UK manufacturing growth weakens for second month
UK manufacturing growth slowed at the beginning of 2018 because of weaker domestic demand, though the strong global economy continued to support the sector.
The manufacturing purchasing managers' index from IHS Markit and CIPS fell to 55.3 in January from 56.2 in December, below the consensus forecast of 56.5. The PMI survey indicated industrial production rising at a solid quarterly rate of around 0.6% in January.
This was the index's lowest reading since June last year and the second decline since November’s four-year high, with the forward-looking new orders index also slipped to a seven-month low.
On the upside, January's seasonally adjusted PMI was still well above its long-run average of 51.7, with manufacturing companies reporting higher production from continued rising new orders, albeit the growth was the slowest in seven months.
New export order inflows strengthened, with a rise in the new export orders balance to 56.2 from 55.4 as overseas demand improved at one of the quickest rates over the past four years.
Purchase prices rose at the fastest rate in 11 months and at one of the sharpest spikes in the survey's history as companies reported a wide range pricier raw materials and commodities, including chemicals, food products, metals, oil, paper and plastics. With some of this passed on to customers, January saw the steepest increase in output charges since last April.
“The UK manufacturing sector reported an unwelcome combination of slower growth and rising prices at the start of 2018," said Rob Dobson, a director at IHS Markit, though he was encouraged that jobs were being added at a faster pace.
"However, output growth has slowed sharply since last November’s high, and the more forward-looking new orders index has slipped to a seven-month low. The trend in demand will need to strengthen in the near-term to prevent further growth momentum being lost in the coming months."
The pound came back of its earlier day's highs on the PMI print, still up 0.34% against the dollar at 1.4239 and up 0.15 on the euro at 1.1449.
Economist Ruth Gregory at Capital Economics said: "The fall in the UK manufacturing PMI in January suggests that growth has slowed a little at the start of the year. But the big picture is that the sector is still performing well by recent standards."

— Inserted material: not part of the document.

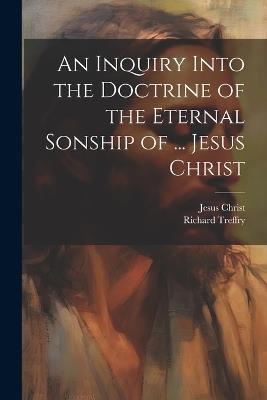 An Inquiry Into the Doctrine of the Eternal Sonship of ... Jesus Christ - Jesus Christ,Richard Treffry - cover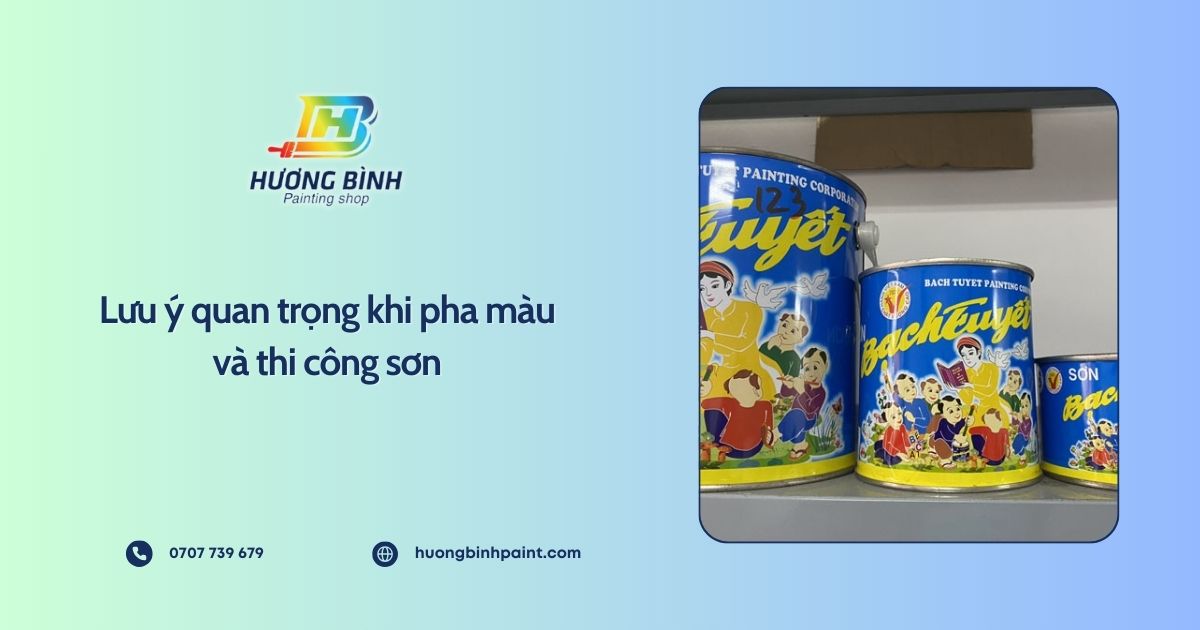 Lưu ý quan trọng khi pha màu và thi công sơn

She was reassured that strong global demand and sterling’s post-referendum fall still seemed to be providing ample support for manufacturers.
"On the basis of past form, the output balance suggests that growth in the latter is still running at a little below 1%, not far below Q4’s strong 1.3% quarterly rise. Other survey evidence, such as the CBI Industrial Trends Survey, has been pretty upbeat recently too. All in all, then, the figures haven’t changed our view that the manufacturing sector should continue to provide strong support to GDP growth, helping to offset the slowdown in the consumer services sector."